● **Supplied records**:
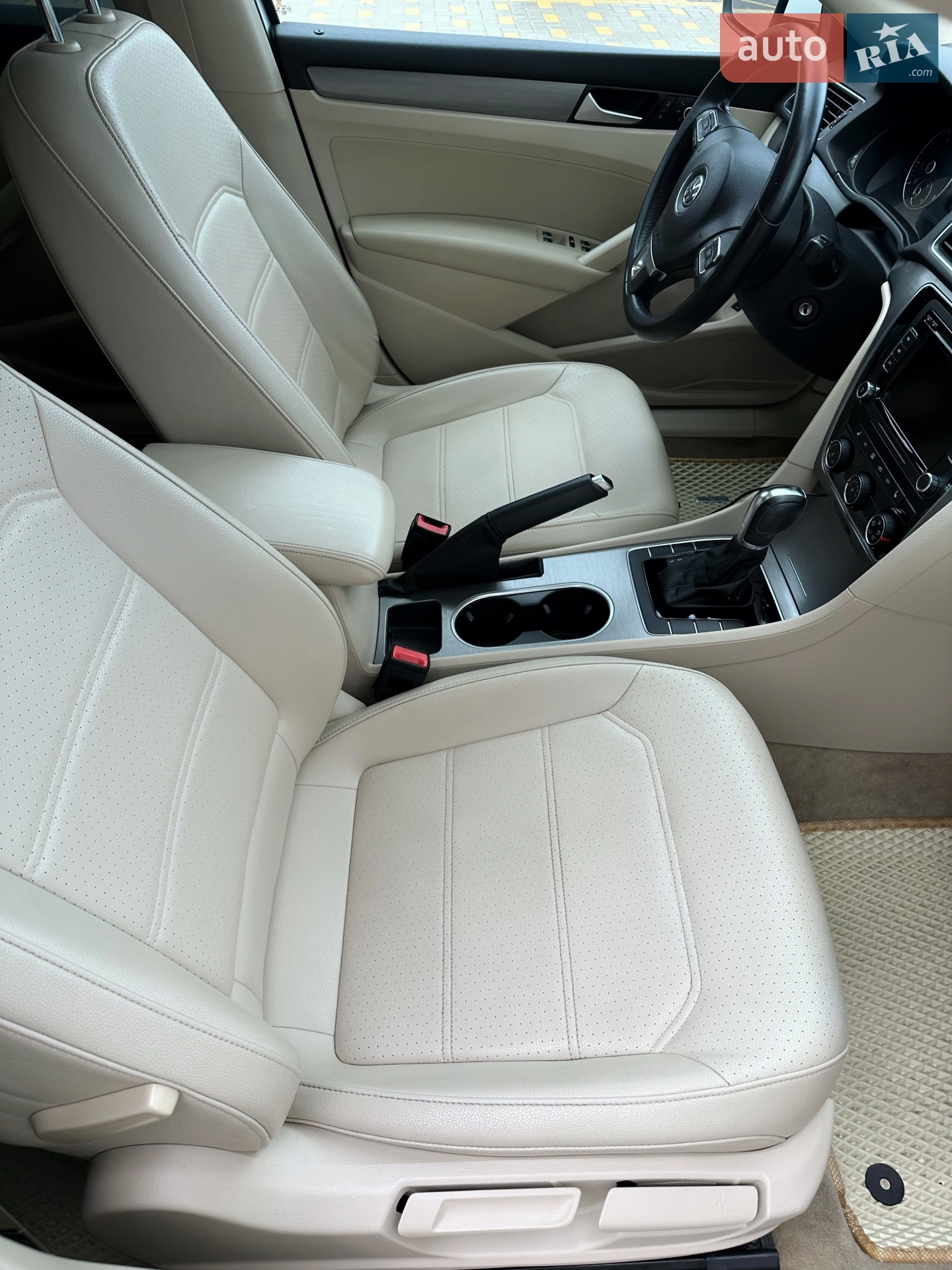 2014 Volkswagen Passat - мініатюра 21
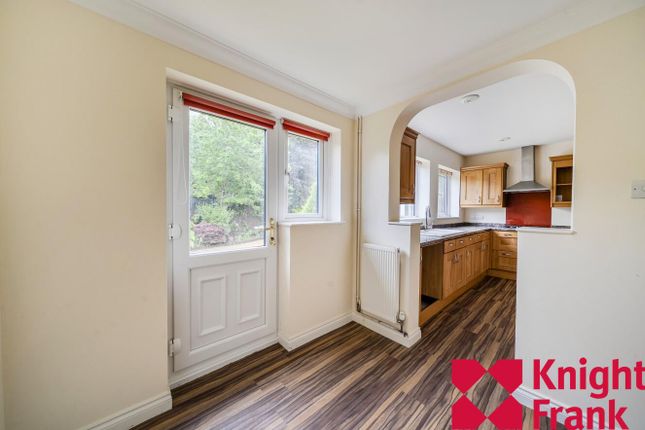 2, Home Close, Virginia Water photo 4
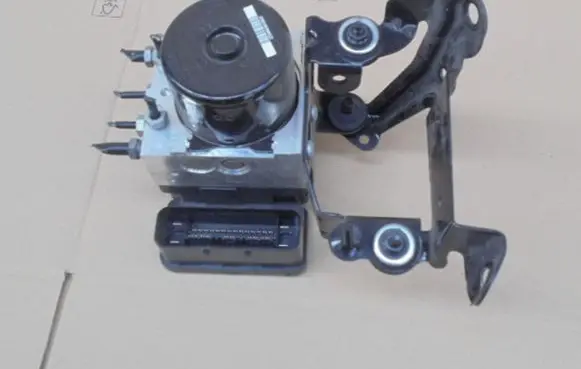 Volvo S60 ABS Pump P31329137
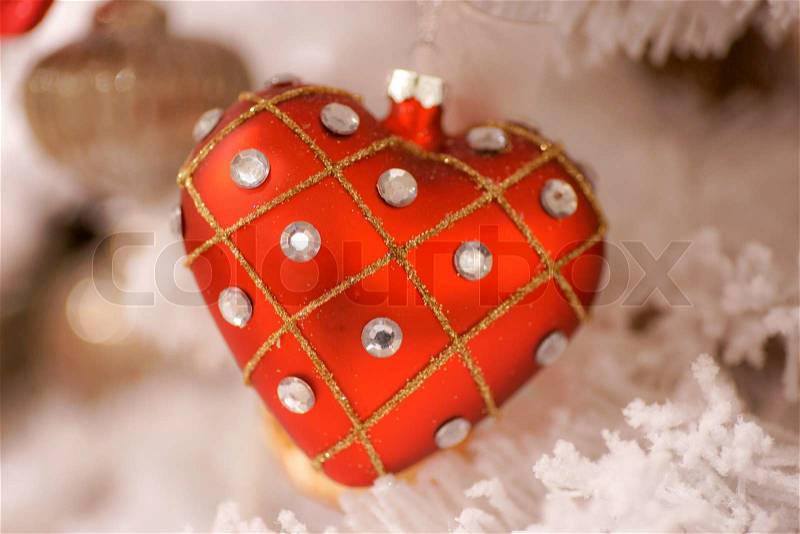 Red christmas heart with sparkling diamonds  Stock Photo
...
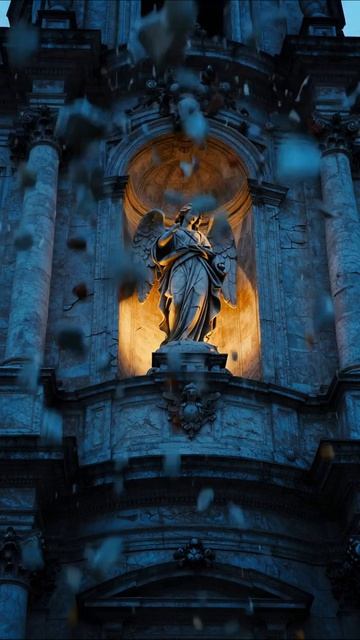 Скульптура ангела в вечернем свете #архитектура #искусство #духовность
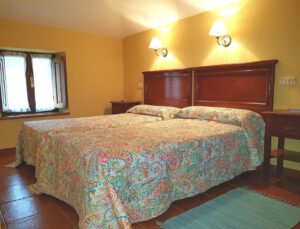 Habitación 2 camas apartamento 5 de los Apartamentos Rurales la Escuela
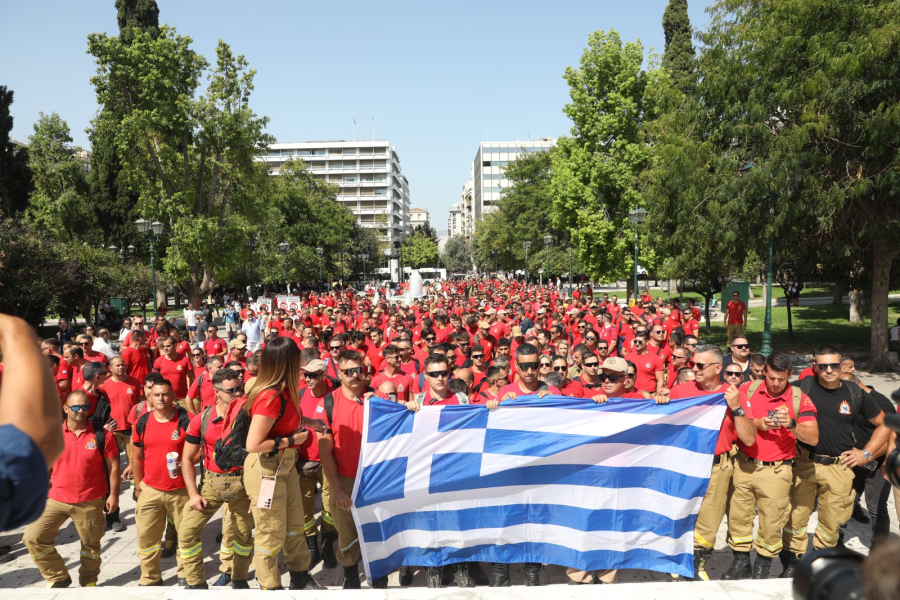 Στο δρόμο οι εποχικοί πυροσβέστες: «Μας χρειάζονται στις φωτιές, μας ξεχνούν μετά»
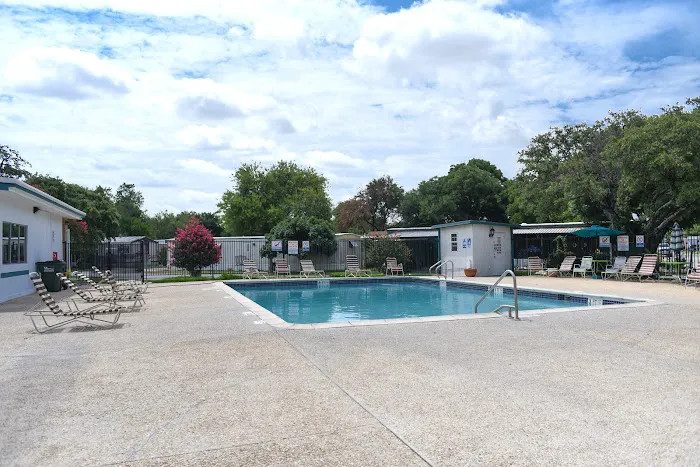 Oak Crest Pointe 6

● **Requirement**: Transcribe only this stretch of the data: the line with "2014 Volkswagen Passat - мініатюра 21", the line with "Red christmas heart", and every line in between. Leave out the pictures.

● **Response to this exercise**:
 2014 Volkswagen Passat - мініатюра 21
 2, Home Close, Virginia Water photo 4
 Volvo S60 ABS Pump P31329137
 Red christmas heart with sparkling diamonds  Stock Photo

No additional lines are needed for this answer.